You might think that the fictional Cohen, a man worth millions who is married to a beautiful, exotic and intelligent wife, has, if not it all, at least a lot more than most of us. But beneath the surface, it’s all breaking into pieces for Cohen, a self-made man who overcame the intense insecurities he had as a boy. His only child is severely autistic, his wife is drifting away, having fallen in love with a married neighbor, and the Feds are opening an investigation into how his hedge fund lost a billion dollars or so.

Chucking it all including his Black Amex card, cell phone and access to his millions, Cohen has only a couple hundred dollars and his expensive watch collection, which emotionally means more to him at the time he starts his journey than anything else in his life.

Shteyngart was able to nail down the personalities of his characters by immersing himself in their world.

“I spent three years hanging out with hedge fund people and their spouses and sometimes children,” he said.

“A strange alternate reality began to take shape in my mind. I started jotting down the little tics and conversations, but mostly the fact that the real world of the 99.9 percent was no longer available to them. They had moated themselves into an almost feudal level. In fact, large parts of Manhattan started to seem like a series of gated communities.”

There’s a parallel to Shteyngart and Barry’s upbringing. Both grew up poor and saw Wall Street as a way to make up for the huge amounts of insecurity they felt.
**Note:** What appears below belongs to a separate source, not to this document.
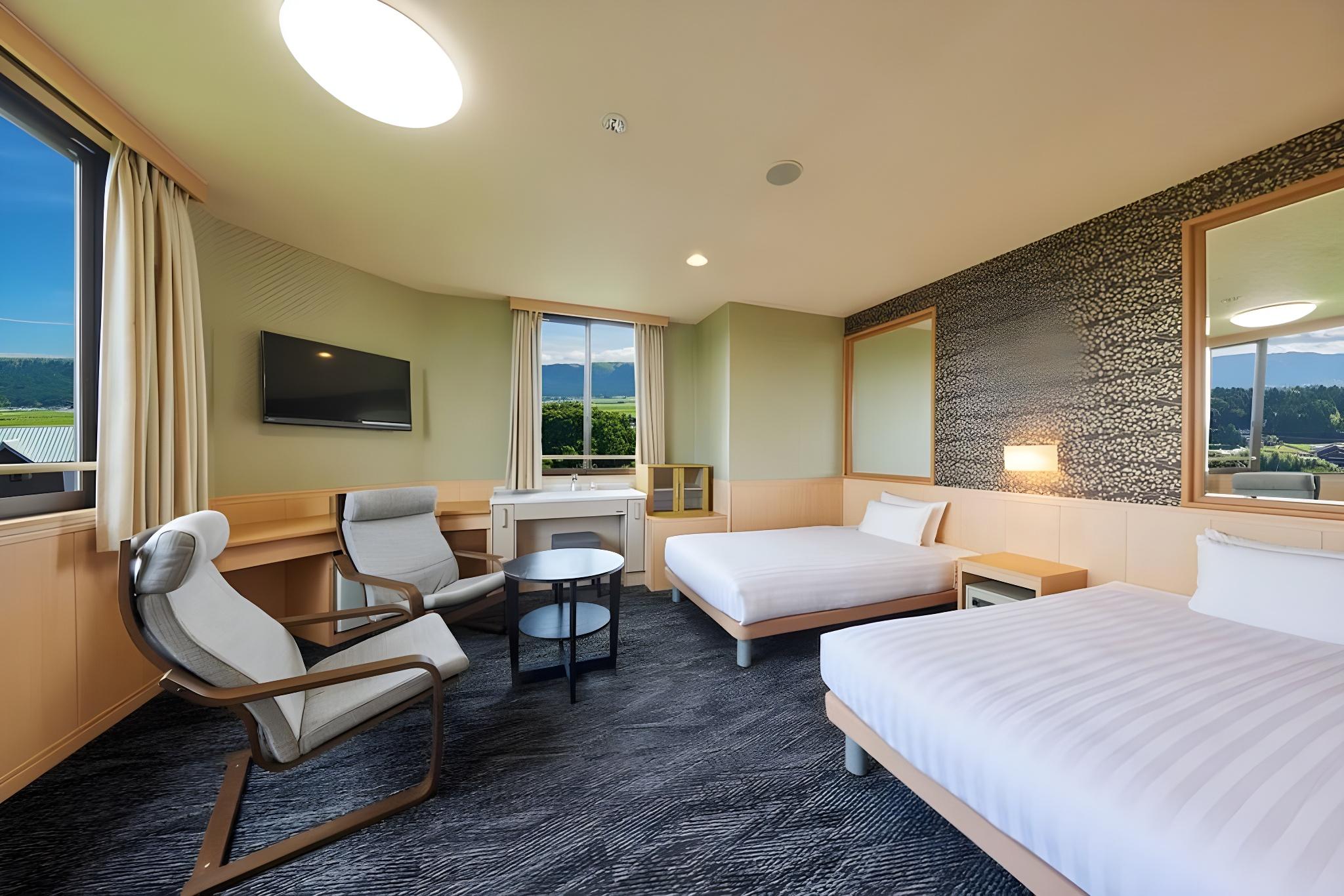 Superior, Twin Beds, North Wing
“In our country, being poor is almost considered a moral failing, though often to get rich requires a true moral failing,” he said.

Unlike Barry, Shtenyngart, who immigrated with his parents from Leningrad at age 7, turned to writing dark comedic novels such as "Super Sad True Love Story" (winner of the Bollinger Everyman Wodehouse Prize) and "The Russian Debutante’s Handbook" (winner of the Stephen Crane Award for First Fiction and the National Jewish Book Award for Fiction).

It’s humor, based in part on his parents, who he says have a satirical approach to reality honed in the Soviet Union, where laughter was the only defense against a stupid system.

“Being an immigrant is also a nice way to observe a society, because you have to learn it from scratch,” he said.